经典值得一读再读,每一次读《红楼梦》总会有新的感受。
开篇第一章之处曹翁巧妙着笔,似自云又非自云道出写此书的目的,为他所见之女子面世,皆因她们行为见识都远超于一般男子,“何我堂堂徐梅,诚不若彼裙钗哉?”在当时,男尊女卑的时代,“不若”二字实属不易,尤为可贵,理解女子不易是第一层,尊重女子权利是第二层,欣赏女子的才华才是最高层了,故他所见为一众脂粉英雄也。这是曹翁不凡处之一。
又借神话中最伟大的女性来引出本书的另一目的——遍历人世间炎凉世态及盛衰变化。若前者道出了作者的人文关注和精神追求,后者就写出了作者的亲身经历所得了。“炎凉世态”四字无比重要,这是眼目,是精神,无穷回忆,一声嗟叹。
作为普通读者,或许会被更多的家庭琐事等吸引,这也是明清小说趋势,视野从王侯将相转向了普通平民了。
一僧一道是全书的线索人物,他们是曹翁叙述故事的代言人之一,社会身份的特殊,似跳出凡尘,如冷眼旁观者,与那“无材”石头对话,他们又是痴迷与领悟的点醒者,在“万艳同悲”中,他们又在点化,欲渡人者。而在开卷就向我们慢慢道出“假作真时真亦假”的道理。

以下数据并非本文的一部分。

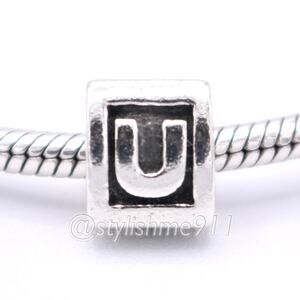 Authentic PANDORA Alphabet Letter - U - 790323U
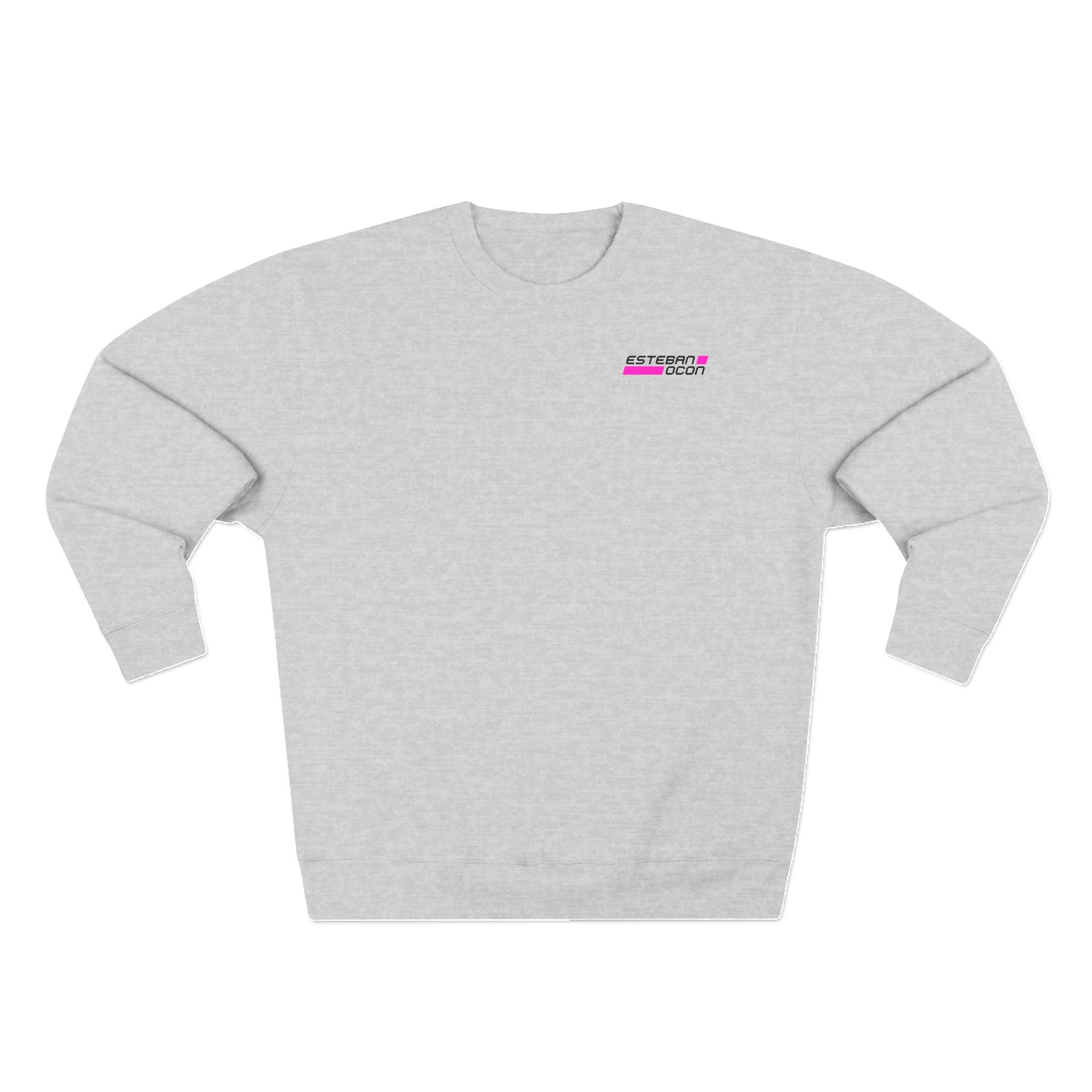 Esteban Ocon 8-bit Team Sweatshirt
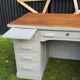 Vintage office gray flea market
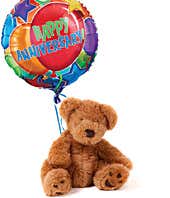 Anniversary Bear & Balloon 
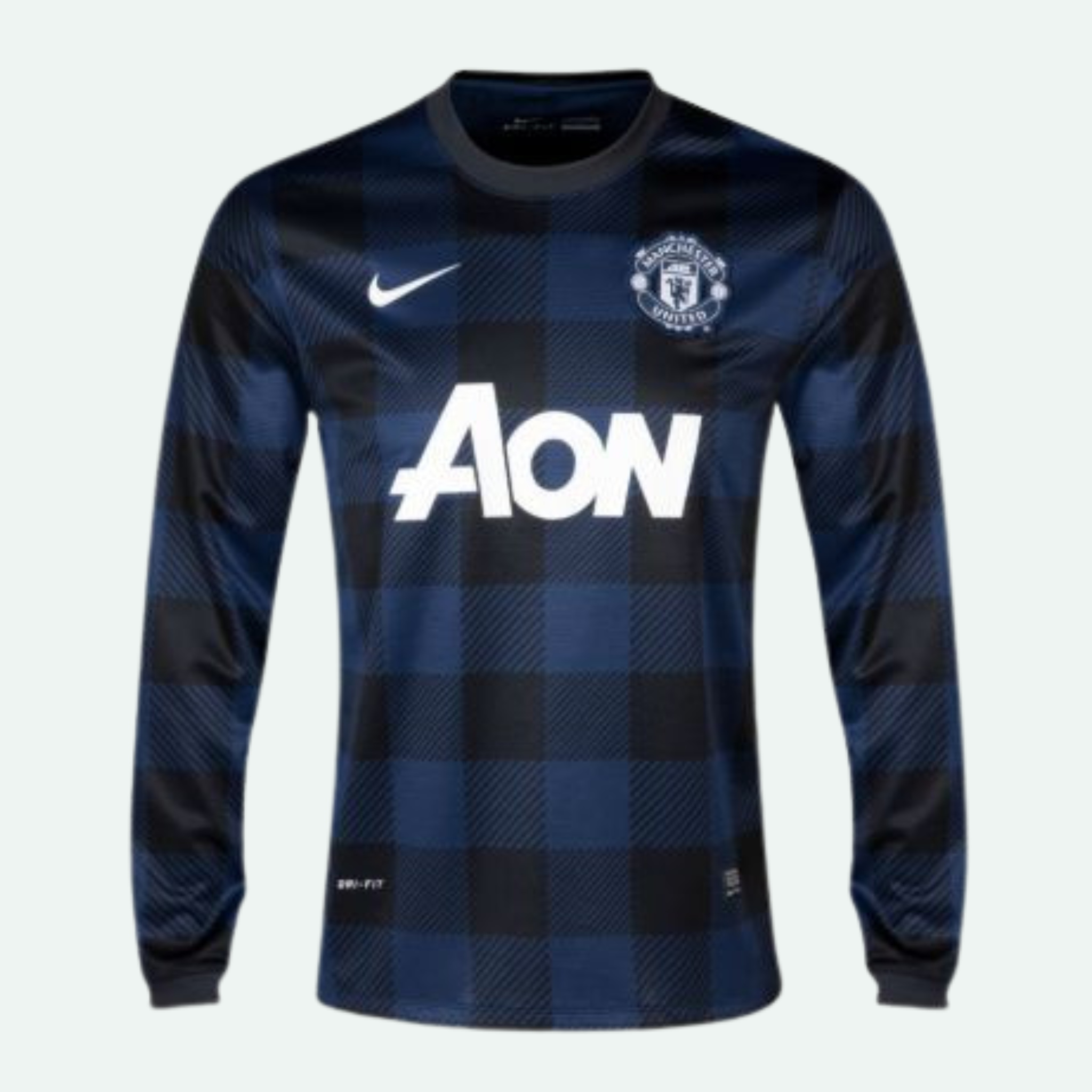 Manchester United 13/14 Away Long Sleeve Jersey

石头本应补天济世,却有心无力,故求托入世,历经世事,方知有才无能,假为石实为人,假为一物所历之时,实为千年同事。甄士隐,人极为坦诚,借他的梦境道出绛珠仙草和神瑛侍者,由虚转实,由假转真,他的梦境将真事隐去,再无他说,暗示了故事的下文;贾雨村,极为虚伪,借他说出虚假所存,也暗示社会的真实面目。功名心炽,淡泊功名,如此性格迥异之人,岂能同路,不过是虚假对坦率而已,如此矛盾,似是小说中人物,其实也是作者内心纠结。
本章回最精彩之处是《好了歌》,好即是了,了也好了,假即是真,真亦做假,真真假假,假假真真,怪不得王国维曾评《红楼梦》为“哲学的也”。